:: GIVEN INFORMATION ::
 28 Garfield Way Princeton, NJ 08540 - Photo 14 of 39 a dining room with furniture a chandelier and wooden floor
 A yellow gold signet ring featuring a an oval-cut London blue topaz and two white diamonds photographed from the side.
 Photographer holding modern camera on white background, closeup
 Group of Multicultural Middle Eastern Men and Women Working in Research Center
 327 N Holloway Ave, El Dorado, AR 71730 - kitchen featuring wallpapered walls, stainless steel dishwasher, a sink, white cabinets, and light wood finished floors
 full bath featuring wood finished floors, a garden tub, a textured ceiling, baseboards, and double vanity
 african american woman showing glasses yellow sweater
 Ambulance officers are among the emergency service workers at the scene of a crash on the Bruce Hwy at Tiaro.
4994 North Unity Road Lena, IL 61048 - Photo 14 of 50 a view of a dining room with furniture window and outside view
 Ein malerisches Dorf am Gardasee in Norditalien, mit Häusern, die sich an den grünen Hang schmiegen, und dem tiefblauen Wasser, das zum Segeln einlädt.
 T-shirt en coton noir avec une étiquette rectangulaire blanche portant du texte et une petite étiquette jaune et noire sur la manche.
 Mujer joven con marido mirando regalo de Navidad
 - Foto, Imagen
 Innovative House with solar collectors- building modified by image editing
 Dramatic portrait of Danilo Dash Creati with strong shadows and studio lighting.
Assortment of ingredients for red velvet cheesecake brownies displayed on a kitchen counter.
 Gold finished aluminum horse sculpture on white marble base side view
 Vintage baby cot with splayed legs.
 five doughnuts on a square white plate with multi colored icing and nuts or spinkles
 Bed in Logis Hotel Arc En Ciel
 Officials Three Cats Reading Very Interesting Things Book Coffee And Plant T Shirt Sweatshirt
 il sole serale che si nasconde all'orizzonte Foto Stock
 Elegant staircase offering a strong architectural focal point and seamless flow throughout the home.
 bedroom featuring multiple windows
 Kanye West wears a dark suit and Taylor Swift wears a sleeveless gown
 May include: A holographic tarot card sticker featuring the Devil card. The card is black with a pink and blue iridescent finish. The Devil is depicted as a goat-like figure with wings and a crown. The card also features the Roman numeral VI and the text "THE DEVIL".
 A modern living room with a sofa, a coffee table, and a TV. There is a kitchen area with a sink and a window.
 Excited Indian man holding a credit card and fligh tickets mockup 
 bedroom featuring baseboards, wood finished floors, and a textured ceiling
:::
## WORK TO BE COMPLETED
The records above need to be retyped in full, exactly as they stand.

## ANSWER TO THIS EXERCISE
 28 Garfield Way Princeton, NJ 08540 - Photo 14 of 39 a dining room with furniture a chandelier and wooden floor
 A yellow gold signet ring featuring a an oval-cut London blue topaz and two white diamonds photographed from the side.
 Photographer holding modern camera on white background, closeup
 Group of Multicultural Middle Eastern Men and Women Working in Research Center
 327 N Holloway Ave, El Dorado, AR 71730 - kitchen featuring wallpapered walls, stainless steel dishwasher, a sink, white cabinets, and light wood finished floors
 full bath featuring wood finished floors, a garden tub, a textured ceiling, baseboards, and double vanity
 african american woman showing glasses yellow sweater
 Ambulance officers are among the emergency service workers at the scene of a crash on the Bruce Hwy at Tiaro.
4994 North Unity Road Lena, IL 61048 - Photo 14 of 50 a view of a dining room with furniture window and outside view
 Ein malerisches Dorf am Gardasee in Norditalien, mit Häusern, die sich an den grünen Hang schmiegen, und dem tiefblauen Wasser, das zum Segeln einlädt.
 T-shirt en coton noir avec une étiquette rectangulaire blanche portant du texte et une petite étiquette jaune et noire sur la manche.
 Mujer joven con marido mirando regalo de Navidad
 - Foto, Imagen
 Innovative House with solar collectors- building modified by image editing
 Dramatic portrait of Danilo Dash Creati with strong shadows and studio lighting.
Assortment of ingredients for red velvet cheesecake brownies displayed on a kitchen counter.
 Gold finished aluminum horse sculpture on white marble base side view
 Vintage baby cot with splayed legs.
 five doughnuts on a square white plate with multi colored icing and nuts or spinkles
 Bed in Logis Hotel Arc En Ciel
 Officials Three Cats Reading Very Interesting Things Book Coffee And Plant T Shirt Sweatshirt
 il sole serale che si nasconde all'orizzonte Foto Stock
 Elegant staircase offering a strong architectural focal point and seamless flow throughout the home.
 bedroom featuring multiple windows
 Kanye West wears a dark suit and Taylor Swift wears a sleeveless gown
 May include: A holographic tarot card sticker featuring the Devil card. The card is black with a pink and blue iridescent finish. The Devil is depicted as a goat-like figure with wings and a crown. The card also features the Roman numeral VI and the text "THE DEVIL".
 A modern living room with a sofa, a coffee table, and a TV. There is a kitchen area with a sink and a window.
 Excited Indian man holding a credit card and fligh tickets mockup 
 bedroom featuring baseboards, wood finished floors, and a textured ceiling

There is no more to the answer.